Sénèque, lui, nous invite à examiner nos émotions, la colère, notamment. Si l’arrivée de la colère ne dépend pas de nous, notre manière d’y réagir l’est. Spinoza est aussi un penseur des émotions : selon lui, nous ne pouvons rien faire pour supprimer les émotions négatives (qui diminuent notre puissance d’agir), mais nous pouvons nous efforcer de les comprendre, ce qui permet de modérer leur intensité, nous offrant ainsi un meilleur équilibre émotionnel et une perspective plus claire pour affronter les difficultés.

M : Comment se lancer dans un travail intérieur ? Avez-vous des conseils à donner ?

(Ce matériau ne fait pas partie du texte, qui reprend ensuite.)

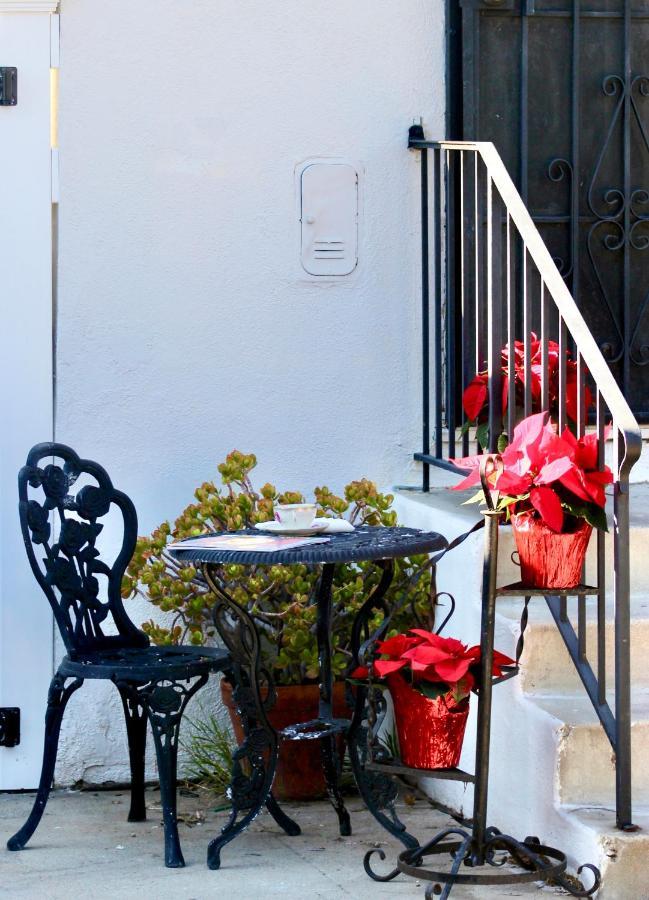 Apartament The Hi Point Estate Los Angeles Zewnętrze zdjęcie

F.B : Il est important de laisser la place à l’indisponible. Cela peut passer par la déconnexion ou encore un allégement des réunions afin de sanctuariser des moments pour soi. Préserver ses espaces intérieurs est essentiel pour l'entrepreneur. Comme nous avons pris l’habitude de prendre une douche tous les matins, nous pourrions prendre l’habitude de prendre une “douche éthique” régulièrement, un moment de questionnement existentiel qui nous assure que nous nous dirigeons dans le bon sens. C’est une hygiène mentale !

Les rituels stoïciens, tels que la lecture et l'écriture régulières (même pour de courts moments), peuvent y contribuer. Éliminer les distractions, comme les e-mails et les réseaux sociaux personnels sur le téléphone, favorise également cet environnement propice à la réflexion. Les stoïciens soulignaient l'importance de s'entraîner à devenir ce que l'on aspire à être. Pour cela, ils recommandent des exercices de lecture matinaux et en fin de journée. L’objectif ? Revisiter sa journée en s'engageant dans des pratiques introspectives permettant à l’individu de rester aligné avec ses valeurs fondamentales.

M : Avez-vous une citation qui résume cette approche réflexive de l’entrepreneur ?

F.B : Je vais reprendre une citation de Bergson : « Agir en homme - ou femme- de pensée, et penser en homme - ou femme- d’action. » On en revient à l’incontournable nécessité de penser ce que l’on fait, à questionner nos certitudes pour agir en fonction de notre socle éthique, notre boussole.